A photonic approach to measuring microwave frequency with digital results is proposed and experimentally demonstrated. In the proposed approach, *N* photonic phase-shifted filters with a phase shift increment of *π/N* in the transmission responses are designed. The filters are then employed to process the single optical sideband generated by applying a microwave signal to a single sideband suppressed-carrier (SSB-SC) modulation module, to perform frequency-to-amplitude conversion and analog-to-digital conversion simultaneously. After the implementation of power detection and decision operation to the filtered optical sideband, an *N-*bit result in the form of the circular code is obtained, which indicates the frequency of the microwave signal. A proof-of-concept experiment is performed to verify the proposed approach and a 5-bit circular code is generated to indicate microwave frequency up to 40 GHz.

©2011 Optical Society of America

## 1. Introduction

Microwave signal characterization is of critical importance in various fields such as electronic warfare receivers, radars, and next-generation wideband communications. As for microwave signal characterization, parameters of interest include frequency, amplitude, direction of arrival, modulation format, pulse descriptor word, and so on. Among these parameters, frequency is one of the most significant parameters to be measured [1,2]. A variety of techniques for frequency measurement have been proposed, which can be categorized by analog results or digital outputs. With the rapid development of digital signal processing, it is desirable to realize digital frequency measurement that shows a series of advantages such as robustness of digital signal processing, easy and simple storage of digital data, and compatibility to other digital setups [3].

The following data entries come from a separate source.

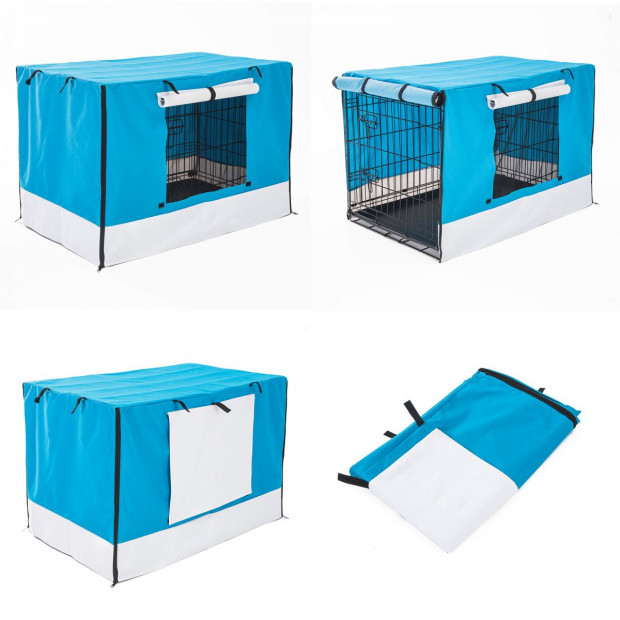 42in Cover for Wire Dog Cage - BLUE Image 2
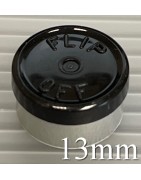 Black 13mm Flip Off® Vial Seals, manufactured by West Pharmaceutical. QCVIALZ catalog SKU No. FO13BLK-1K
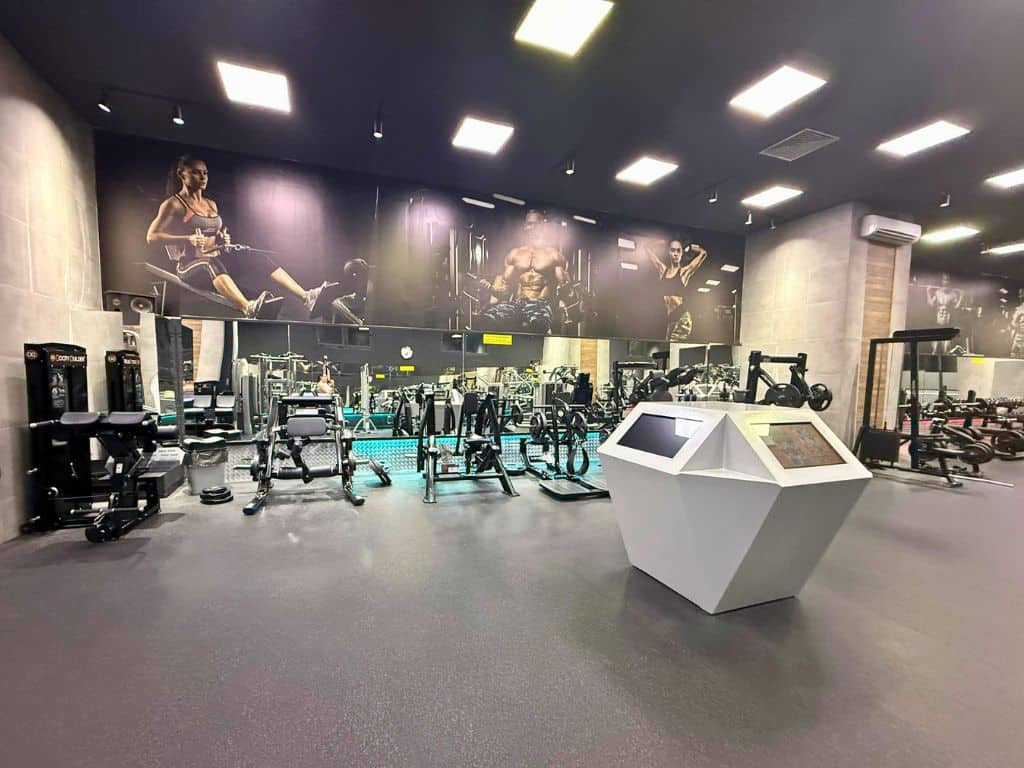 Various strength training equipment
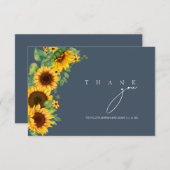 Carte De Remerciements Simple Royal Blue Opulence Mariage tournesol (Devant / Derrière)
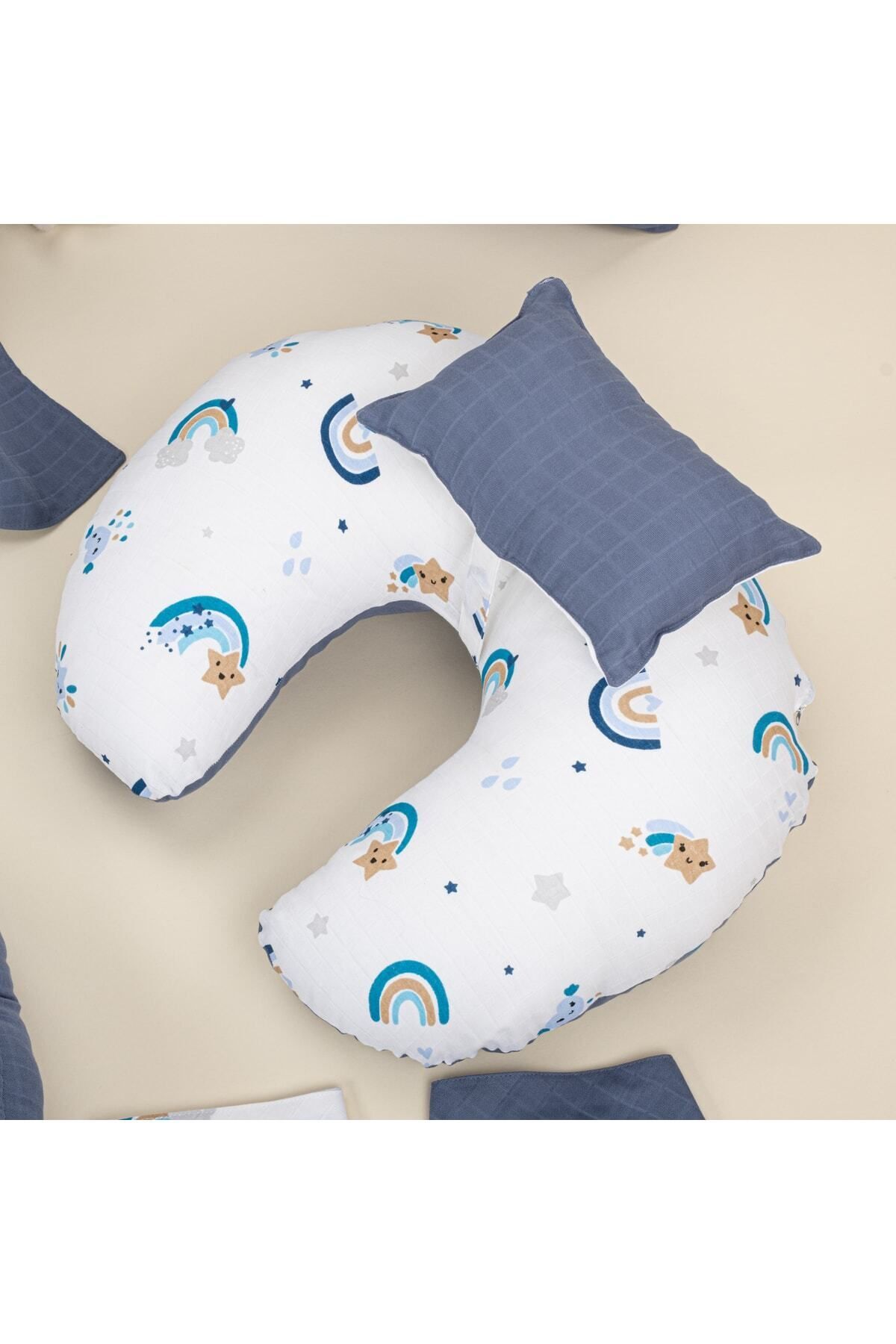 18 Parça Set - Indigo Müslin - Mavi Gökkuşağı Emzirme Yastığı Ve Önlüğü,puset Seti,babynest 8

In both analog techniques and digital techniques aforementioned, a large instantaneous bandwidth for “wide-open” operation is highly required, for the bandwidth coverage for microwave/millimeter-wave signals ranges from 0 to 300 GHz in electronic warfare and radars [3]. Conventional electronic methods cannot offer such a large instantaneous bandwidth, however, microwave photonics provides a promising way to solve this issue [4–7] due to the inherent feature of photonics in large instantaneous bandwidth. Recently, various photonic approaches have been proposed to measure the frequency of microwave signals. Microwave frequency can be discriminated from two frequency-dependent microwave power functions [8–12] or two responses of microwave photonic filters [13–16]. By using optical channlization [17,18], optical mixing [19–21], or optical comb/edge filters [22–25], frequency measurement could be realized as well. In most of these photonic approaches analog results are derived, however, digital results are preferred according to the advantages of digital signal processing.

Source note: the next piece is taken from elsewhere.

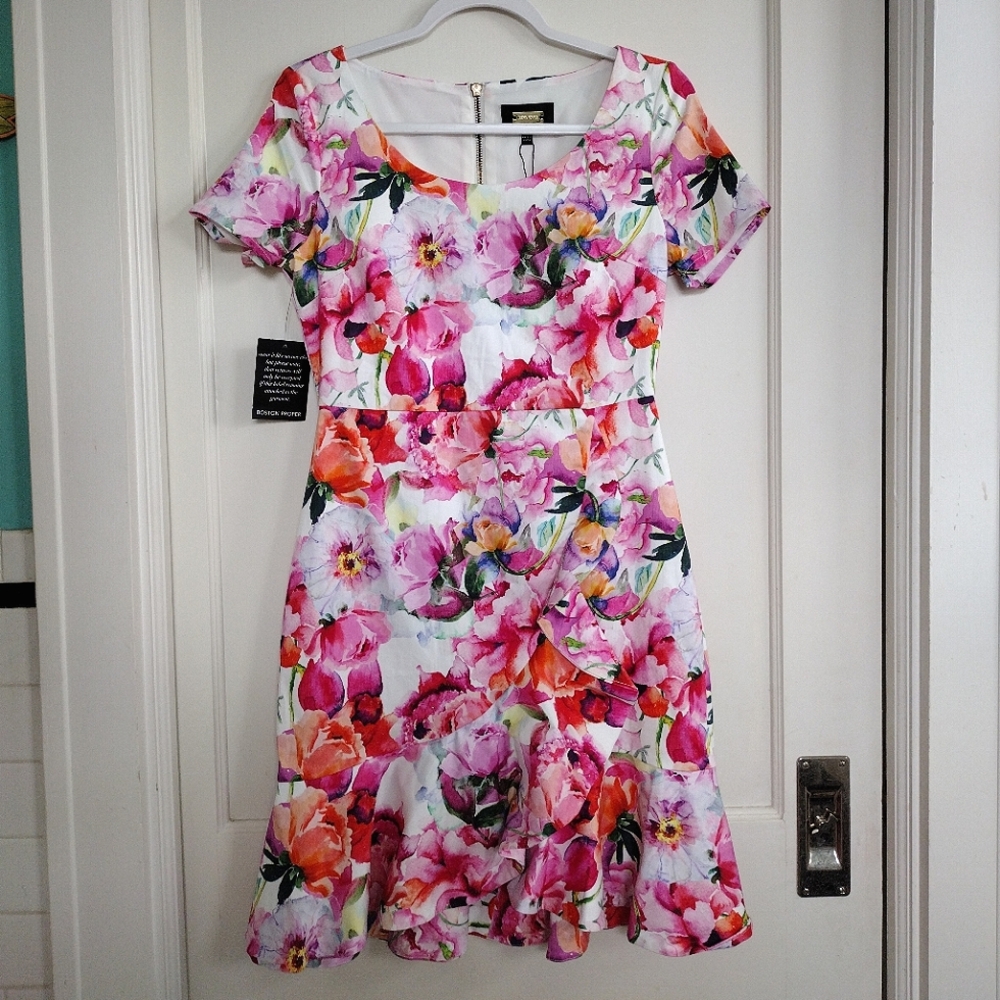NWT Alexia Admor Floral Asymmetrical Ruffle Dress in Women's size 2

In the paper, a photonic approach with digital results is proposed for microwave frequency measurement. By using an array of phase-shifted filters, a digital circular code is generated to indicate the microwave frequency.

## 2. Principle

The apparatus for the proposed measurement approach is shown in Fig. 1 . An incoming microwave signal is applied to externally modulate the light wave from a CW laser. Under the condition of single sideband suppressed-carrier (SSB-SC) modulation, a single optical sideband is generated and is coupled into photonic phase-shifted filters and a reference branch. The phase-shifted filters, which are the key components of the apparatus, have isomorphic transmission responses with an identical free spectral range ($FSR$) but different phase shifts. To understand the operation of the proposed system, we start from the discussions on the transmission responses of the phase-shifted filters.

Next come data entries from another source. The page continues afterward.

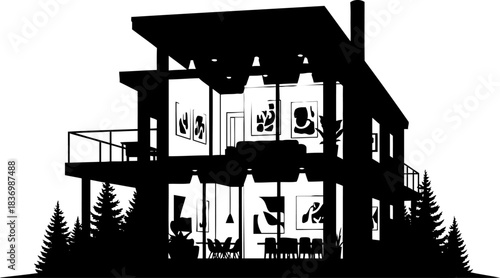 modern sanctuary architectural silhouette revealing contemporary home living and elegant design, isolated on transparent background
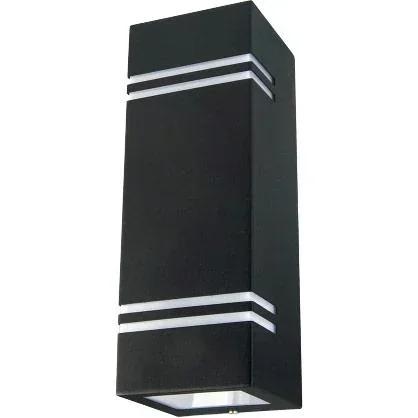 "VT-7662 Outdoor Wall Light Up/Down - GU10 - Stainless Steel - Black - IP44 image"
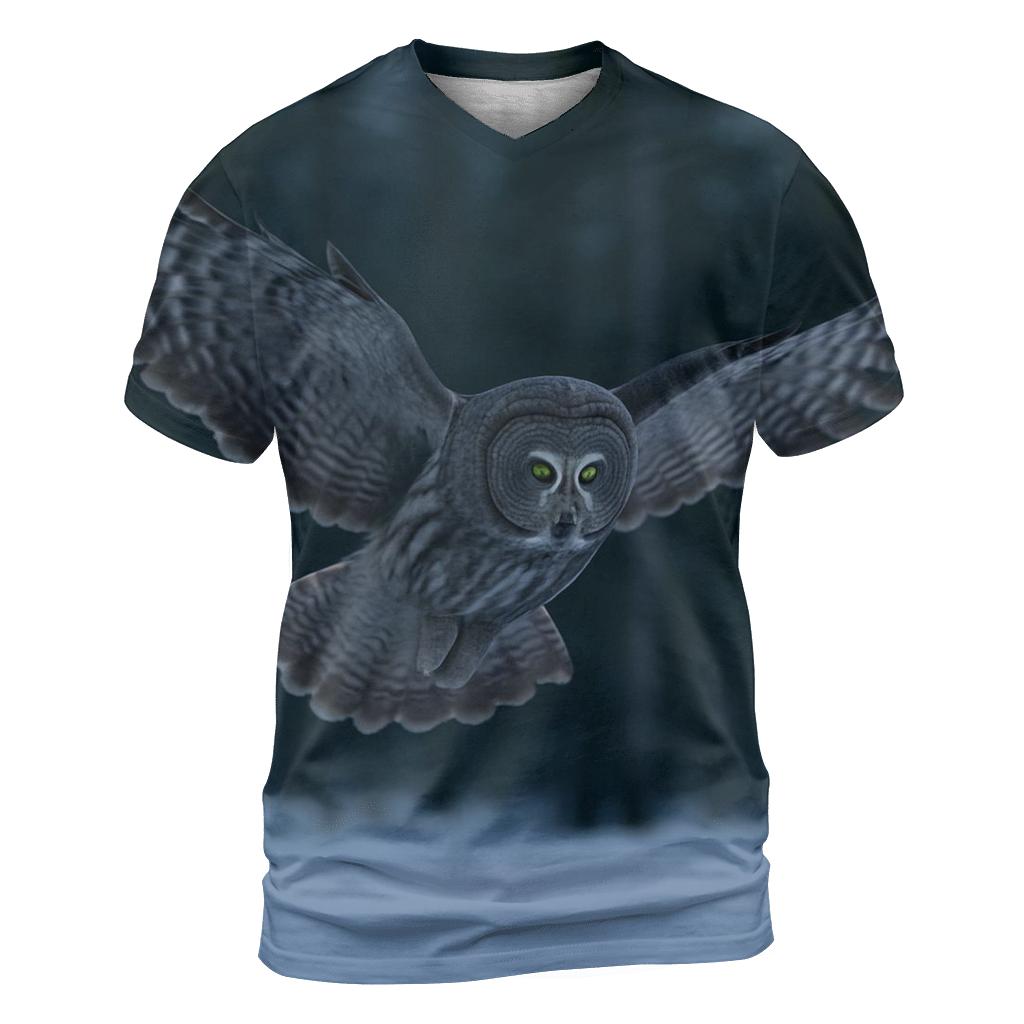 Boreal Stillness Great Gray Owl vibrant all-over design tees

Firstly, it is well known that the transmission response of a two-tap delay-line interferometer (i.e., a comb filter) can be expressed as $F(f)=[1+\mathrm{cos}(2\pi f/FSR+{\theta}_{0})]/2$, where $f$ is the optical frequency, $FSR$ is the free spectral range, and ${\theta}_{0}$ is the initial phase. As the frequency of the laser is set to be the reference value (i.e., ${f}_{0}$) of the optical frequency coordinate, the transmission response can be rewritten as $F({f}_{m})=[1+\mathrm{cos}(2\pi {f}_{m}/FSR+{\theta}_{0})]/2$, where ${f}_{m}=f-{f}_{0}$ is the microwave frequency to be measured and also the offset frequency from the optical carrier. A number of comb filters with discrete phase shifts following a linear distribution as $\Delta {\theta}_{k}=(k-1)\pi /N$ are designed, to meet the requirement of the circular encoding. Namely, a phase shift increment of $\pi /N$ is introduced to the transmission responses. Therefore, the transmission response of the *k*-th filter is derived as

*k*-th filter and that of the reference branch, an optical power ratio can be derived as

Based on the power ratio, an analog-to-digital conversion can be done. For the *k*-th filter, the output bit is labeled as “1” if the power ratio is not less than 0.5; otherwise, the bit is encoded as “0”. Therefore, we obtain an *N*-bit circular-code result which indicates the frequency value. An unambiguous measurement range of full $FSR$ and a resolution of $FSR/(2N)$ are realized. Note that the function of the phase-shifted filters is twofold, to perform frequency-to-amplitude conversion and analog-to-digital conversion.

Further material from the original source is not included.